-- SOURCE DATA follows --

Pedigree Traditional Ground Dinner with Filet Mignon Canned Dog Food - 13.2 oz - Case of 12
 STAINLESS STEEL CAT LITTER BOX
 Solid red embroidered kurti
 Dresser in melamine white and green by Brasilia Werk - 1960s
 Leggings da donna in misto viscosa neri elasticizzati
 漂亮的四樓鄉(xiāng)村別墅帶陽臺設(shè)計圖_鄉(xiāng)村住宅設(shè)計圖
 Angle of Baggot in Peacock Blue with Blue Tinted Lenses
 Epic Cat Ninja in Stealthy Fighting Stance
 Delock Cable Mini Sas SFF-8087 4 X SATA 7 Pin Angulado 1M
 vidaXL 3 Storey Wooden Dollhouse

-- SOURCE DATA concluded --

#### [WORK INSTRUCTION]
Please go through the data above and copy every line that has the word "with".

#### [EXPECTED ANSWER]
Pedigree Traditional Ground Dinner with Filet Mignon Canned Dog Food - 13.2 oz - Case of 12
 Angle of Baggot in Peacock Blue with Blue Tinted Lenses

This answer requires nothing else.